# Hunting Access Program hunters: remember to register at HAP headquarters before hunting



## Steve (Jan 15, 2000)

Contact: DNR Wildlife Division, 517-284-9453
Agency: Natural Resources
Nov. 16, 2015

Michigan’s Hunting Access Program has been providing great hunting opportunities in areas with limited access for hunters since 1977. With properties stretching across southern Michigan and a portion of the eastern Upper Peninsula, the program currently allows public hunting on 19,000 acres of privately owned lands.

HAP properties are available each day to hunters on a first-come, first-served basis. Hunters must register at the property headquarters before hunting. Self-service HAP farms have a mailbox designated as the headquarters with registration forms and property information inside.
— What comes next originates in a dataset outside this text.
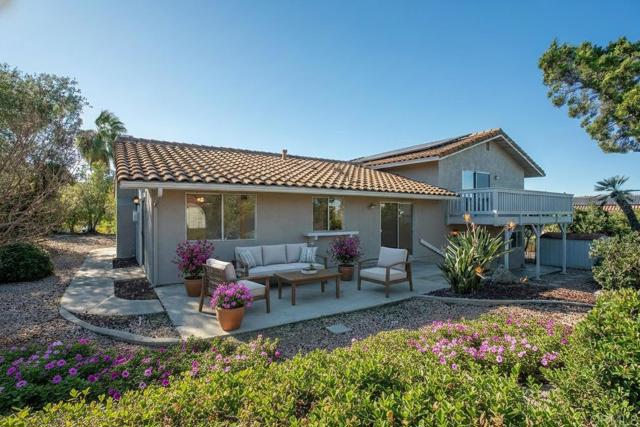 Detail Gallery Image 5 of 48 For 11000 Meadow Glen Way East, Escondido,  CA 92026 - 3 Beds | 2/1 Baths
At mandatory check-In properties, hunters must register directly with the landowner.

Whether hunting or scouting, it is important to register upon arrival because each property has a maximum number of hunters allowed at any one time. Failure to register is considered trespassing.

Additionally, participating landowners determine the types of hunting allowed on their land. Before hunting, make sure to verify the allowed hunt type(s) at the HAP headquarters or on the HAP website.

To determine the types of hunting allowed, view aerial photographs and locate self-service headquarters, check out the Hunting Access Program (HAP) Farm Summary. Here you can find detailed information about each enrolled property. Click on the landowner’s name to generate a descriptive map of the property. Boundary lines, designated parking areas and the headquarters’ location all can be found in the HAP Farm Summary.

Reminder: Enrolled HAP properties are no longer printed in the Public Hunting on Private Lands Digest. Hunters are encouraged to visit mi.gov/hap or contact the DNR Wildlife Division at 517-284-WILD (9453) to stay up to date with the most currently enrolled properties.

To find public hunting land in Michigan, including HAP properties, check out Mi-HUNT. A cutting-edge, web-based mapping application, Mi-HUNT allows users to navigate through a variety of map layers to create their own custom maps or download premade maps to meet their specific hunt-planning needs.

The Michigan Department of Natural Resources is committed to the conservation, protection, management, use and enjoyment of the state’s natural and cultural resources for current and future generations. For more information, go to www.michigan.gov/dnr


----------



## Martin82 (Dec 21, 2016)

Steve, Is a self-service check in station first come/first serve? Do you provide your information at a spot where you park? Thanks


----------